Mechanistic and Kinetic Study of Gas Storage and Transport in Unconventional Reservoirs Using Molecular Simulation

In the past decades, exploration and production activities gradually shift to unconventional resources such as tight gas reservoirs. However, the techniques for reservoir simulation and production forecast fail in shale reservoirs due to the distinct behavior of oil and gas in the micropores of the shale formations. Molecular simulation is a strong tool in simulating fluid flow and gas storage in the micropores and can provide us with valuable information for better understanding rock/fluid interactions in those unconventional resources and improve hydrocarbon recovery.
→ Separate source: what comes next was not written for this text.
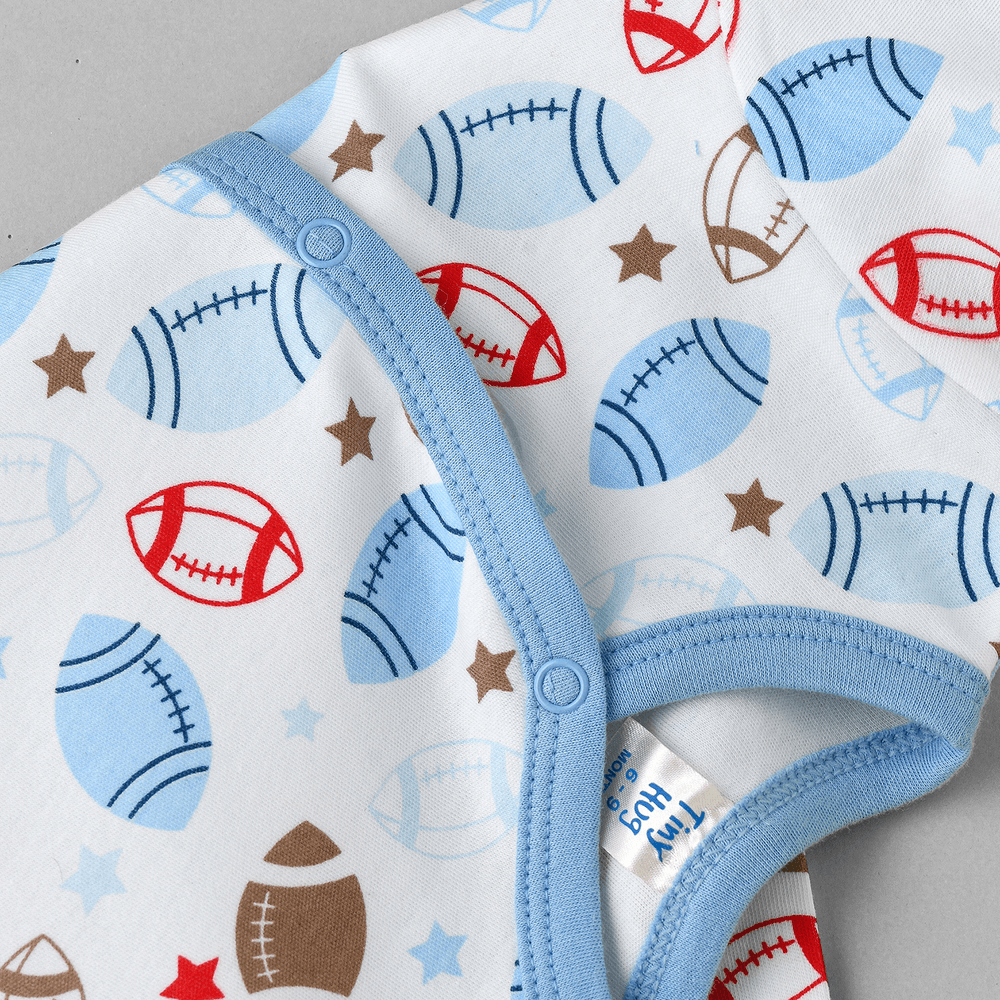 تايني هاغ - قطعة واحدة لكرة القدم للأطفال الأولاد - متعددة الألوان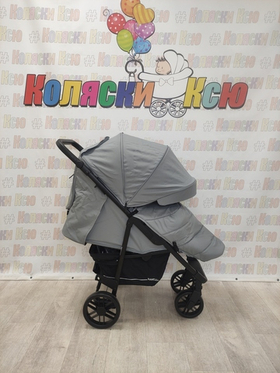 Коляска прогулочная Rant Basic Vega Grey 2024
Our research mainly focuses on two aspects: first, we study the microscopic mechanisms and kinetics of fluid flow in oil and gas shales and the process of CH4-CO2 exchange method in natural gas hydrates recovery. The fluid transport in shale nanopores shows distinct behavior from that in conventional reservoirs as adsorption plays an important role in nano-scale pore systems. The simulation in natural gas hydrates validates the great potential of using CO2 to replace the CH4 trapped in hydrate cages and temperature can significantly impact the exchange rate. Second, to improve shale hydrocarbon recovery as well as to sequester CO2 for carbon neutrality, we propose to use microporous material as a multi-functional proppant to carry adsorbed CO2 into shale formation and replace the sorbed CH4, such that CH4 recovery can be enhanced and large amount of CO2 can be geologically sequestered. To prove the thermodynamic feasibility of this process, we investigate gas adsorption capacity and the CO2/CH4 selectivity in silicalite and kerogen organic matter. It is shown that both materials have a preference to adsorb CO2 over CH4 and kerogen has a stronger CO2/CH4 selectivity with or without water presence. These findings validate the thermodynamic feasibility of this exchange process. Simulation at microscopic level is very critical in unconventional reservoirs as the transport and storage properties of reservoir fluid in nanopores deviates from those at macroscopic scale. Not only can molecular simulations reveal fundamental information about the behavior of oil and gas molecules in confined spaces, but also can they help study the potential approaches for enhanced hydrocarbon recovery from the unconventional resources and lay the foundation for numerical simulation and prediction at larger scales.